Task prompt ▸
Once the line containing "Poranek przyniesie umiarkowaną temperaturę" is found in the entries below, reproduce it and every line after it, stopping at and including the line containing "SOPHITINA/женские туфли лодочки"; reproduce nothing else, and keep each line exact.

++++ Entries provided ++++

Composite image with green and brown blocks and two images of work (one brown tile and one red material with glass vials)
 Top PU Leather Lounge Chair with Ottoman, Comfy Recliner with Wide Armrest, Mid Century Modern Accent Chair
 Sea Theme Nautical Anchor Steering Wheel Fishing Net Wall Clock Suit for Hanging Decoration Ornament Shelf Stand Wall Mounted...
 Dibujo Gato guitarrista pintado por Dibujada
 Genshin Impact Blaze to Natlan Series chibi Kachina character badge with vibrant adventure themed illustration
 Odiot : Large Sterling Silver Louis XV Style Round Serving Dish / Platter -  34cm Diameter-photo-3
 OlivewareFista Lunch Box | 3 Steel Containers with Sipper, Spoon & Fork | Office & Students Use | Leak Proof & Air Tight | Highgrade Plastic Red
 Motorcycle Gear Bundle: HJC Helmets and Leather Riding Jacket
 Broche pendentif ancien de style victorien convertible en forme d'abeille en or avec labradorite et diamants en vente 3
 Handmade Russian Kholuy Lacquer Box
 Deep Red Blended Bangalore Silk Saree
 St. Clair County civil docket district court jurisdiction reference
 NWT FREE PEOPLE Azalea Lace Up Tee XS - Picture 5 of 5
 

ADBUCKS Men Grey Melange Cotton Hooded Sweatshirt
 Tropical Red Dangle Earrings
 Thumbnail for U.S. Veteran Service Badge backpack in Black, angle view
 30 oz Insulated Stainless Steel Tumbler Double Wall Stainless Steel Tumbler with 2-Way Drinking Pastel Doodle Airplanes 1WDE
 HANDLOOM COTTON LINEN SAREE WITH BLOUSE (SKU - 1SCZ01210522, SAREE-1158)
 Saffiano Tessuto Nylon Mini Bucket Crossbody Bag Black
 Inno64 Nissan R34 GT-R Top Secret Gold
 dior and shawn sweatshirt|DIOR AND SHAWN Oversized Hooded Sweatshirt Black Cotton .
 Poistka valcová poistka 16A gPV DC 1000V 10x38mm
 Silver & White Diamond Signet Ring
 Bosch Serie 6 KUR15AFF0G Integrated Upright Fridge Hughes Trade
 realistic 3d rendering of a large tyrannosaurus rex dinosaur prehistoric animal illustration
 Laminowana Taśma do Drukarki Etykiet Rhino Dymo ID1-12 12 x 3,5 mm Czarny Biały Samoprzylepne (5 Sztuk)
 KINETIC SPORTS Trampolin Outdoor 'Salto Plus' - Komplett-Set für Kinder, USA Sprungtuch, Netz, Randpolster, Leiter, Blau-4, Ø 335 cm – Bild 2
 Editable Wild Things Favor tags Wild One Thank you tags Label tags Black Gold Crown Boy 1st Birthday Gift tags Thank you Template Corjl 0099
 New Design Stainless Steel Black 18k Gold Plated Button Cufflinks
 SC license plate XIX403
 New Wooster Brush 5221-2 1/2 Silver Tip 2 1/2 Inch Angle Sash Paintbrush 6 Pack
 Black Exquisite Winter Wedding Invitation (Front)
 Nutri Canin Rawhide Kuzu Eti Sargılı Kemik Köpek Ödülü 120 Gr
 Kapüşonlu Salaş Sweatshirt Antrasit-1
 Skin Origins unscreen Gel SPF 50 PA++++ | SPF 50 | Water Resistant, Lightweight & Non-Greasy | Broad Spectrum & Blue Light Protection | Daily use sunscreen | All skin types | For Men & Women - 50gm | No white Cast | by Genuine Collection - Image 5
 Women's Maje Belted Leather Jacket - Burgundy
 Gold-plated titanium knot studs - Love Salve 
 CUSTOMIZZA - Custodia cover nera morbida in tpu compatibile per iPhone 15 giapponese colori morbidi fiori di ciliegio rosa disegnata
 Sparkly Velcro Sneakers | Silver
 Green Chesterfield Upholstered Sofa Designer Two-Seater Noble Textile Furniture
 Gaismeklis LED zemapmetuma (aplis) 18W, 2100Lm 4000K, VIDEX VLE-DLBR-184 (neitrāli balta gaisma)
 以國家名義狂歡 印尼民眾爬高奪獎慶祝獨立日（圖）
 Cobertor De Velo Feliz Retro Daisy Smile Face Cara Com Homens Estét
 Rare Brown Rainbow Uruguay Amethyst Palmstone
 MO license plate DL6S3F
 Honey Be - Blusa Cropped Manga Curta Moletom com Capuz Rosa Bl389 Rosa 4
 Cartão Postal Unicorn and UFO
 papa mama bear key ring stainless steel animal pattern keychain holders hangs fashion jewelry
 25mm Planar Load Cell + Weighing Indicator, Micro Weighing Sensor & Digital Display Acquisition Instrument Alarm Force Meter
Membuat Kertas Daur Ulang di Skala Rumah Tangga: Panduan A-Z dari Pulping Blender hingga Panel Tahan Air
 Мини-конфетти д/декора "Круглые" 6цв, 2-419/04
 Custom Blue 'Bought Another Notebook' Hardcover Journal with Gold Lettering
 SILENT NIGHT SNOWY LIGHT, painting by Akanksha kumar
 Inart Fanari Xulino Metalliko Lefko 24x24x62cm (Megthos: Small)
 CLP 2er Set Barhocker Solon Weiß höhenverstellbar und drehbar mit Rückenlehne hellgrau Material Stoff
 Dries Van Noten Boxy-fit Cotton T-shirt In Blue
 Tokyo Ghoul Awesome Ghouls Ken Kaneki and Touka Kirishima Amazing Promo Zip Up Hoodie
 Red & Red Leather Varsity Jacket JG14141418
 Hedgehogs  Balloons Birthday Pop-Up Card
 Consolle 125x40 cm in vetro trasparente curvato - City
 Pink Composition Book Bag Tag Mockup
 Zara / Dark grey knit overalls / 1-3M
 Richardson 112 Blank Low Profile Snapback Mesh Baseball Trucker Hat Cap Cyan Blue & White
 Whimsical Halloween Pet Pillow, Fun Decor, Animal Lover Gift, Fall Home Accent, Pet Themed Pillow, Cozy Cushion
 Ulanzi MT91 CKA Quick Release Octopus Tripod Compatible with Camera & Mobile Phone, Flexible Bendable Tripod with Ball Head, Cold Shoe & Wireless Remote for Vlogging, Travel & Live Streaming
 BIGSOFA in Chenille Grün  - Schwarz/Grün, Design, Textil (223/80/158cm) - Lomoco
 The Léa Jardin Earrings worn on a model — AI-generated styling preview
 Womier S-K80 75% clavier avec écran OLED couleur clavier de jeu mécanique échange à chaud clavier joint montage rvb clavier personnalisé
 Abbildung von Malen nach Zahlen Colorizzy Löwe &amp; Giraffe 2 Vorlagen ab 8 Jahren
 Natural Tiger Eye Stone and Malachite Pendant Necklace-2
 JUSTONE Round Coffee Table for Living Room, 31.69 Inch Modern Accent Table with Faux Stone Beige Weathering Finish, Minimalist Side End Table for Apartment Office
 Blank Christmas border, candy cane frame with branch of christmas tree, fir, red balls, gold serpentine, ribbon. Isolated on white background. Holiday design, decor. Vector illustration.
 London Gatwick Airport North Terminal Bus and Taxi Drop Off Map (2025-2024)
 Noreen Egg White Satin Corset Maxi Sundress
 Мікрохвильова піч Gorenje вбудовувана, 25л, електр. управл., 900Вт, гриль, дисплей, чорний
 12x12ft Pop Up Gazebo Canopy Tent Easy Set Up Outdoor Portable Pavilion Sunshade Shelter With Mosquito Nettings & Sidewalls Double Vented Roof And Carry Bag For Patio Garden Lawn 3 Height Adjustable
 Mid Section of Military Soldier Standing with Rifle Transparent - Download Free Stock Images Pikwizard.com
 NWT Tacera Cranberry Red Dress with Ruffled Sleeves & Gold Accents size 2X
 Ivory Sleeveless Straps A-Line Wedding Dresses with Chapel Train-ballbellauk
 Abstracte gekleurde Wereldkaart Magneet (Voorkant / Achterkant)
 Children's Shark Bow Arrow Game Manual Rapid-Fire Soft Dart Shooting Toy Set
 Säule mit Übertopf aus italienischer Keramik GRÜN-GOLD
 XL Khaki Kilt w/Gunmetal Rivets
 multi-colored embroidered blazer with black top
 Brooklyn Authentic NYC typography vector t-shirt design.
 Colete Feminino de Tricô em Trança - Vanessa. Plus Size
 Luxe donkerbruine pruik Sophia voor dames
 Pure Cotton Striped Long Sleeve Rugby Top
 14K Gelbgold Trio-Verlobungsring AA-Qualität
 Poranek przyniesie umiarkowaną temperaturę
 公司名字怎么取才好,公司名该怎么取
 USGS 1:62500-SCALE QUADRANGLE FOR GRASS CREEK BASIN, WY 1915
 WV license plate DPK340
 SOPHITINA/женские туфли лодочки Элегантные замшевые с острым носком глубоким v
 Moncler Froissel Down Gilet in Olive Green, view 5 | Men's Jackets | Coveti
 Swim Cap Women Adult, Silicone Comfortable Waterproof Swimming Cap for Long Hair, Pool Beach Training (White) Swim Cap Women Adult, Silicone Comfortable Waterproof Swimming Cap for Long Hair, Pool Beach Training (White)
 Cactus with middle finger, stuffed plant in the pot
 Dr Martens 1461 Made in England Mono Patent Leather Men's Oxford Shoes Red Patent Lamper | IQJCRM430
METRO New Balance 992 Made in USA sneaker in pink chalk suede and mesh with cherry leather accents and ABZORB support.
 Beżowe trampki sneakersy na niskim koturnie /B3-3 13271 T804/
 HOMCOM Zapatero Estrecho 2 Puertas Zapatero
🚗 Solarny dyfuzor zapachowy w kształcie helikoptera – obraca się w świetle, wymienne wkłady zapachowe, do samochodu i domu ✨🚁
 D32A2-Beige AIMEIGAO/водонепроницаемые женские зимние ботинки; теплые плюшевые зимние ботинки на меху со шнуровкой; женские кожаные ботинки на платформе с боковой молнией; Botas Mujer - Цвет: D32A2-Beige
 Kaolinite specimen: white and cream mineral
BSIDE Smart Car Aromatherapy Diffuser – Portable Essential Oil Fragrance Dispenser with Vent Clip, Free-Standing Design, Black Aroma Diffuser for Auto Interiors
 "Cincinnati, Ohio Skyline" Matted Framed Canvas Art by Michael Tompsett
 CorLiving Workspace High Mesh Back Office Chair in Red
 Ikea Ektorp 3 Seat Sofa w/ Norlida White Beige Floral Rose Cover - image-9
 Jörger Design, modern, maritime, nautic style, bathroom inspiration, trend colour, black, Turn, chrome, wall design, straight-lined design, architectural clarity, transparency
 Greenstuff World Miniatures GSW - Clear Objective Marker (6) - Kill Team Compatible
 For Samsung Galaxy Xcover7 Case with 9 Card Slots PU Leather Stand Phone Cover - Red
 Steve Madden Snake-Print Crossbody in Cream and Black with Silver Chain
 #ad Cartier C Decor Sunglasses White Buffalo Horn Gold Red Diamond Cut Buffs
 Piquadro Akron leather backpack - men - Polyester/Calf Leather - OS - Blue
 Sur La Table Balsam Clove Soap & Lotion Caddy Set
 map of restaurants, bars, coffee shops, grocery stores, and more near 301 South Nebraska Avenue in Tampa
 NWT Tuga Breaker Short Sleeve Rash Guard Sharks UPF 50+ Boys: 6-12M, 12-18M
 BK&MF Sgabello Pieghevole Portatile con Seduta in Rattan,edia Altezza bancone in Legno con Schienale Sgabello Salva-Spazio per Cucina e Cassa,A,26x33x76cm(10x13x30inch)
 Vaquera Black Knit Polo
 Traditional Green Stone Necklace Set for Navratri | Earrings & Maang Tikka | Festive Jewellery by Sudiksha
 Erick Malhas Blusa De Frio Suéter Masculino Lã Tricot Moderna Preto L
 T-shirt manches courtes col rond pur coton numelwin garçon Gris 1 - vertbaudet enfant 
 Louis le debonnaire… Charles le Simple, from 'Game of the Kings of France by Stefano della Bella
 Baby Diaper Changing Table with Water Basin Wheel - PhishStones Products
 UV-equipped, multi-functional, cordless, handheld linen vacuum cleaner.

++++

Result of the exercise ▸
 Poranek przyniesie umiarkowaną temperaturę
 公司名字怎么取才好,公司名该怎么取
 USGS 1:62500-SCALE QUADRANGLE FOR GRASS CREEK BASIN, WY 1915
 WV license plate DPK340
 SOPHITINA/женские туфли лодочки Элегантные замшевые с острым носком глубоким v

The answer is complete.